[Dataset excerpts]
»»

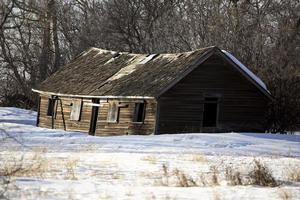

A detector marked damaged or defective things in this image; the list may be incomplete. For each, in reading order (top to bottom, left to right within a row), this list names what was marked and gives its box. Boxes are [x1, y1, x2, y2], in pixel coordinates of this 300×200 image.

broken window [202, 97, 218, 127]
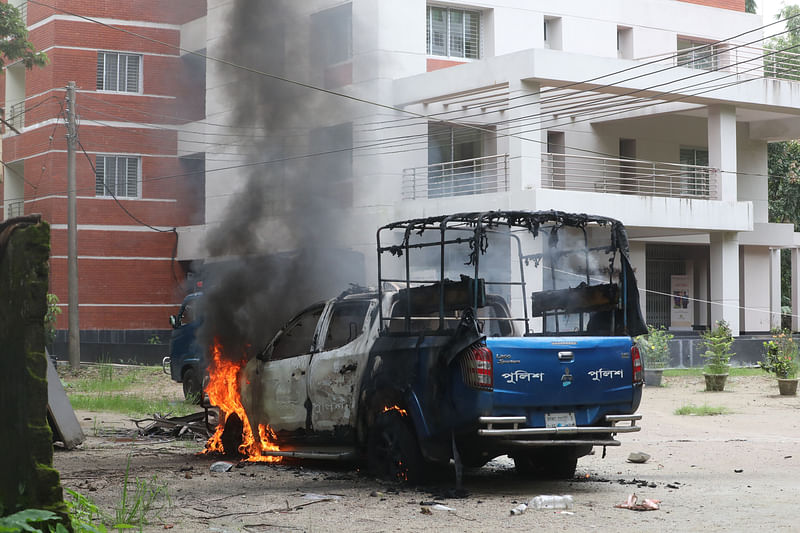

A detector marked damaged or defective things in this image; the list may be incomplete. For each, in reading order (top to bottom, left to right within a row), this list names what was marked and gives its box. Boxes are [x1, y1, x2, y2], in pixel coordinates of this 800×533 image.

burnt metal skeleton [233, 210, 644, 480]
damaged vehicle [236, 212, 644, 482]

««

▸ INSTRUCTIONS FOR THE TASK:
Omit all images when repeating the data above exactly.

▸ EXERCISE OUTPUT:
A detector marked damaged or defective things in this image; the list may be incomplete. For each, in reading order (top to bottom, left to right within a row), this list names what was marked and gives its box. Boxes are [x1, y1, x2, y2], in pixel coordinates of this 300×200 image.

broken window [202, 97, 218, 127]

A detector marked damaged or defective things in this image; the list may be incomplete. For each, in reading order (top to bottom, left to right within a row), this list names what was marked and gives its box. Boxes are [x1, y1, x2, y2], in pixel coordinates of this 800×533 image.

burnt metal skeleton [233, 210, 644, 480]
damaged vehicle [236, 212, 644, 482]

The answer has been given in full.